> Prompt:
Could you retype every line below exactly, omitting the images?

> Source material:
╔══
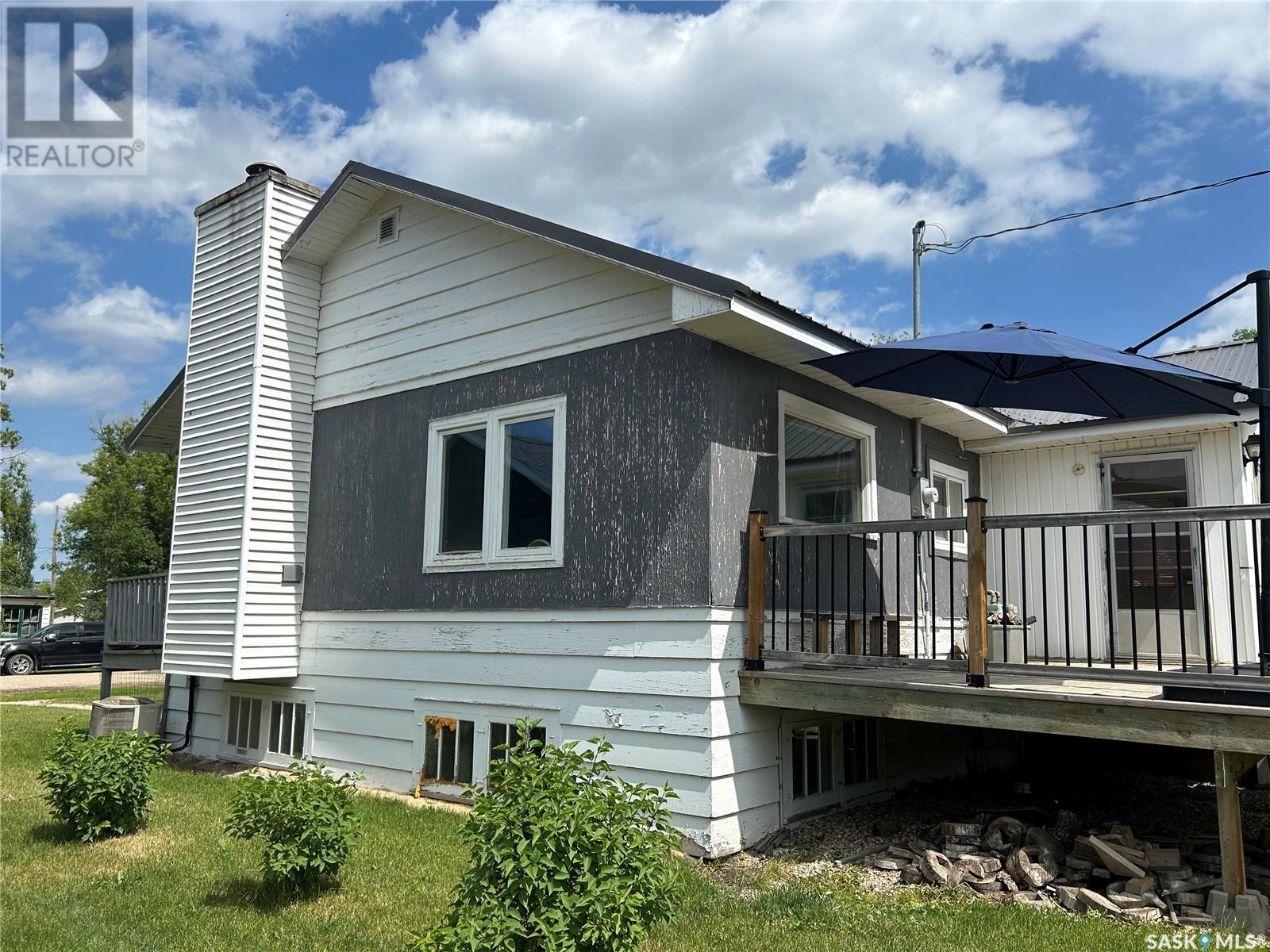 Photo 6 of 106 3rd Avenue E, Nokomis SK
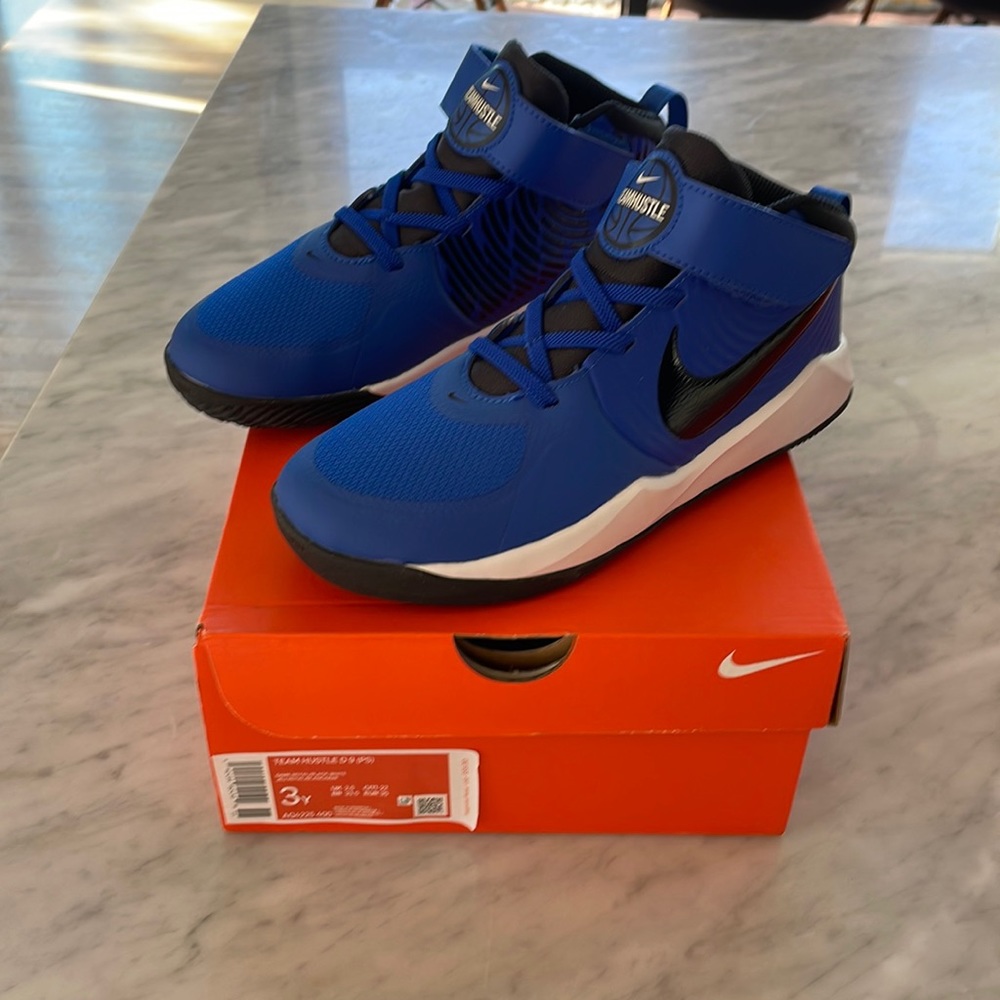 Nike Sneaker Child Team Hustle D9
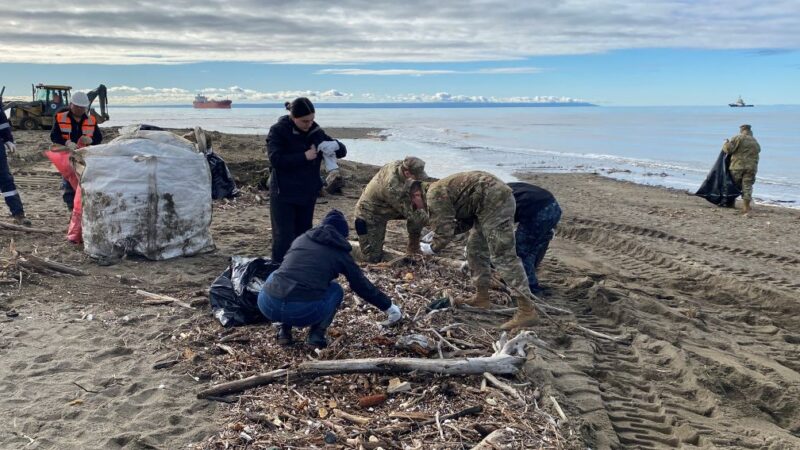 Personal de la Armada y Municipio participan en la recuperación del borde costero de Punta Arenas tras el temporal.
╚══
> Response to this exercise:
 Photo 6 of 106 3rd Avenue E, Nokomis SK
 Nike Sneaker Child Team Hustle D9
 Personal de la Armada y Municipio participan en la recuperación del borde costero de Punta Arenas tras el temporal.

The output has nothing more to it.